Cost Matters! The Serverless Edition

BY Leon Stigter
Dec 9 2019
7 Min

As a trend cloud vendors tend to use the word serverless quite loosely. While serverless comes in a lot of shapes and sizes and as long as the characteristics fit within the four categories from my last blog, it is a serverless service. To make sure that we’re all on the same page, I’ll use the following definition for serverless:

“Serverless is a development model where developers focus on a single unit of work and can deploy to a platform that automatically scales, without developer intervention.”

In this blog post, we’ll look at how that model works on AWS Fargate, which allows you to run containers without having to manage servers or clusters.

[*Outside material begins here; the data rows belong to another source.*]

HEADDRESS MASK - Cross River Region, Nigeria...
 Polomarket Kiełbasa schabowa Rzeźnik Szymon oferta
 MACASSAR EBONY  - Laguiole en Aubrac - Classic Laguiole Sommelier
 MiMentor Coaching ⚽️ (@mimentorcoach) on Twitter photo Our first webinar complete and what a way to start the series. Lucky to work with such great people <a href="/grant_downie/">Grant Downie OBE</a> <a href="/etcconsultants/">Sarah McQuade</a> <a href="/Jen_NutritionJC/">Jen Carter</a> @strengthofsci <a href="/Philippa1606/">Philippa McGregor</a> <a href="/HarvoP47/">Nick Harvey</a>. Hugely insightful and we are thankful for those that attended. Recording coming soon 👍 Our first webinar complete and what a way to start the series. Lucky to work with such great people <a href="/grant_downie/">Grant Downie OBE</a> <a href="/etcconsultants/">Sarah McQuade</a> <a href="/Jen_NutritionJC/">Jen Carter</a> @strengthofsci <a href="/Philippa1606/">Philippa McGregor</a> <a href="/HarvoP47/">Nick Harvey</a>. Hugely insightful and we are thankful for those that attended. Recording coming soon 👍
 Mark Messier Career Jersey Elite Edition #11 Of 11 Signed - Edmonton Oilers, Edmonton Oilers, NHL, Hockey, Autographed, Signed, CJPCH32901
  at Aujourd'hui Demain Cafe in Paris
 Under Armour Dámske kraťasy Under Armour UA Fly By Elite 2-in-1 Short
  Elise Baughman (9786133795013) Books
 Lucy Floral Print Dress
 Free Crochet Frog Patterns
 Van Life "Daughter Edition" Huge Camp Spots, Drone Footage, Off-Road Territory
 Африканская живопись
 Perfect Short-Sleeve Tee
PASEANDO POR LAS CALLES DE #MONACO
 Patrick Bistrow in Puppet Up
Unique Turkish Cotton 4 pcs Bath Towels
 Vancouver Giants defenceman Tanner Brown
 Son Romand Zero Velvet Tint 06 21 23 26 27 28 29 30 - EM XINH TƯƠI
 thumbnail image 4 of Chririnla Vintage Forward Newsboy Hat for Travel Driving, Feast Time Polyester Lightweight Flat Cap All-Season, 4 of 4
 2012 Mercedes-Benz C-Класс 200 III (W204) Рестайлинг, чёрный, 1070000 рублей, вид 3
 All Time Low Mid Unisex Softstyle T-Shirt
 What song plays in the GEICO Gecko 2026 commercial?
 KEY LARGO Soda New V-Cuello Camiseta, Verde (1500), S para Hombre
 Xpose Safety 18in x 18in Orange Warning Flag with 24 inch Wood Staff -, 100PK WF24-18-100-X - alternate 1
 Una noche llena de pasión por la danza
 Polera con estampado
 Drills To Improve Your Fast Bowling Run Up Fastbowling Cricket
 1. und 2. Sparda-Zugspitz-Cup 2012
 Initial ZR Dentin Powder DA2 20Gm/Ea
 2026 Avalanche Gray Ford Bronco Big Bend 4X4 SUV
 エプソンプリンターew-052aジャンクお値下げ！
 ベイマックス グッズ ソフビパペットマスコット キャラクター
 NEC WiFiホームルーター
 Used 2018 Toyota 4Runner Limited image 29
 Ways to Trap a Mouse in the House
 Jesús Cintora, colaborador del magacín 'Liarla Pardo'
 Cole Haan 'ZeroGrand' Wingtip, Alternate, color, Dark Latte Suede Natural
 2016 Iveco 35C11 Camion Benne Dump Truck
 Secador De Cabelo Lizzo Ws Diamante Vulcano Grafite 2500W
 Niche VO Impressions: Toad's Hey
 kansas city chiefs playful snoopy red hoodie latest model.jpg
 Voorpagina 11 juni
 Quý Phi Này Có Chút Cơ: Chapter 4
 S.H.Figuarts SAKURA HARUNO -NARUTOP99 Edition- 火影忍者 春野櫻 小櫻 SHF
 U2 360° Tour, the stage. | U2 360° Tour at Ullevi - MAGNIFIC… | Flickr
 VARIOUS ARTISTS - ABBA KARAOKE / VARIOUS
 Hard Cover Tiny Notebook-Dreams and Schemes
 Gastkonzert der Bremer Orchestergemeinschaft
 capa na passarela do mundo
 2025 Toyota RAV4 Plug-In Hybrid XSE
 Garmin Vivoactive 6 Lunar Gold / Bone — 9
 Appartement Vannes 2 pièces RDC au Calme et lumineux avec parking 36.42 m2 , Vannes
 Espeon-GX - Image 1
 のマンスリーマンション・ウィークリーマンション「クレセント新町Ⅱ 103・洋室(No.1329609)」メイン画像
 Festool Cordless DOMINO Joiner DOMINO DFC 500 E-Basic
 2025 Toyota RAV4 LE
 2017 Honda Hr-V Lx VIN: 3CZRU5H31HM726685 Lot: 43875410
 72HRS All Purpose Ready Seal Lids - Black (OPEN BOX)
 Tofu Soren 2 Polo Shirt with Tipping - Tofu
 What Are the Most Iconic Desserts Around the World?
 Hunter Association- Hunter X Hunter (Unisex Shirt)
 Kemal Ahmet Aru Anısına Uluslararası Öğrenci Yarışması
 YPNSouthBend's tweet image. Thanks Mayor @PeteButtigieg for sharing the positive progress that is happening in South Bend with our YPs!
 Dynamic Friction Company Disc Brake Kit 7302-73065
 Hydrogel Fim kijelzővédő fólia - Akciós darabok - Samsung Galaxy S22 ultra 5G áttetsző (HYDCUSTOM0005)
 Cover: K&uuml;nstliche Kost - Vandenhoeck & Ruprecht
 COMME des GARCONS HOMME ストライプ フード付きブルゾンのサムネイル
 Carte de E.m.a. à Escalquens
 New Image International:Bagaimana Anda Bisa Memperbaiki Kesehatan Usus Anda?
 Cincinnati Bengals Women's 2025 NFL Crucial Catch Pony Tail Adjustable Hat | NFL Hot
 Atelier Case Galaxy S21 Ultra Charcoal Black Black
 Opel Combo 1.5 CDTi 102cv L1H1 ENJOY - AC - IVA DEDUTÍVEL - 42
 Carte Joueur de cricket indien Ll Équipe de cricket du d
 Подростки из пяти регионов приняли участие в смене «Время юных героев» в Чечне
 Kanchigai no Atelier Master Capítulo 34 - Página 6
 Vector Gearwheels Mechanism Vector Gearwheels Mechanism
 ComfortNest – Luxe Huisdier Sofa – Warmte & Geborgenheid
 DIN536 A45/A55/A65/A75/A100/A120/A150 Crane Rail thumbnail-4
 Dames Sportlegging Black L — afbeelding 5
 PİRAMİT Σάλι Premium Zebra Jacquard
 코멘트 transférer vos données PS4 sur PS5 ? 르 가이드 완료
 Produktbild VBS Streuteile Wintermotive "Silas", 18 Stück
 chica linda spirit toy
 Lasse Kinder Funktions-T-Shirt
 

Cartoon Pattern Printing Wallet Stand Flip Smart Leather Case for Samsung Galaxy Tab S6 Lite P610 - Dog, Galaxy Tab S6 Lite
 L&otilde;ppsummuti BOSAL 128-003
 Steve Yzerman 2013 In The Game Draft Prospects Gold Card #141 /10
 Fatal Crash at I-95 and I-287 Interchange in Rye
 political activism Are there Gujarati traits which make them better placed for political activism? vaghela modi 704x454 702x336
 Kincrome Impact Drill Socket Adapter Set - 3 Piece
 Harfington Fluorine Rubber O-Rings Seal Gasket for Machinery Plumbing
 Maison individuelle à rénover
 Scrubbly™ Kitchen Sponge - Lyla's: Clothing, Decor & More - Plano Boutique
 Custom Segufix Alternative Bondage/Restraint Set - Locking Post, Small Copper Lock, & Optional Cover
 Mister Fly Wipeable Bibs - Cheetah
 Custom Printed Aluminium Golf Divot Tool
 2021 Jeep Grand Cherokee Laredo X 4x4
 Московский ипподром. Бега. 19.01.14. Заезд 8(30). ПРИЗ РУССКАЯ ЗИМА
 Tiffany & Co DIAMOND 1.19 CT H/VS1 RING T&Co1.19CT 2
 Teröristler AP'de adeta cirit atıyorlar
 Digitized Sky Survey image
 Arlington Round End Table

TL;DR Serverless is cheaper!

Containers, like really?

In the serverless space, products are continuously changing to make it easier for developers to adopt the technology and build awesome apps. In the serverless space, though, there is a tradeoff between control and abstraction. As a developer, you have to choose how much control you’re willing to give up to gain abstraction from things you don’t want to worry about.

faas-and-furious-46

From: Forrest Brazeal

It turns out that containers are an amazing way to package up software with very specific dependencies. Those dependencies can be things highly specific operating system dependencies to train your machine learning model or binaries like ImageMagick. As a developer, you’re abstracted away from the underlying infrastructure (you don’t have to worry about the VMs, clusters or pods that your app will run on) but you are responsible for the runtime in the container itself. So, with containers and using services like Google Cloud Run, OpenFaaS, or AWS Fargate you’re not giving up all runtime control, but you do get more abstraction.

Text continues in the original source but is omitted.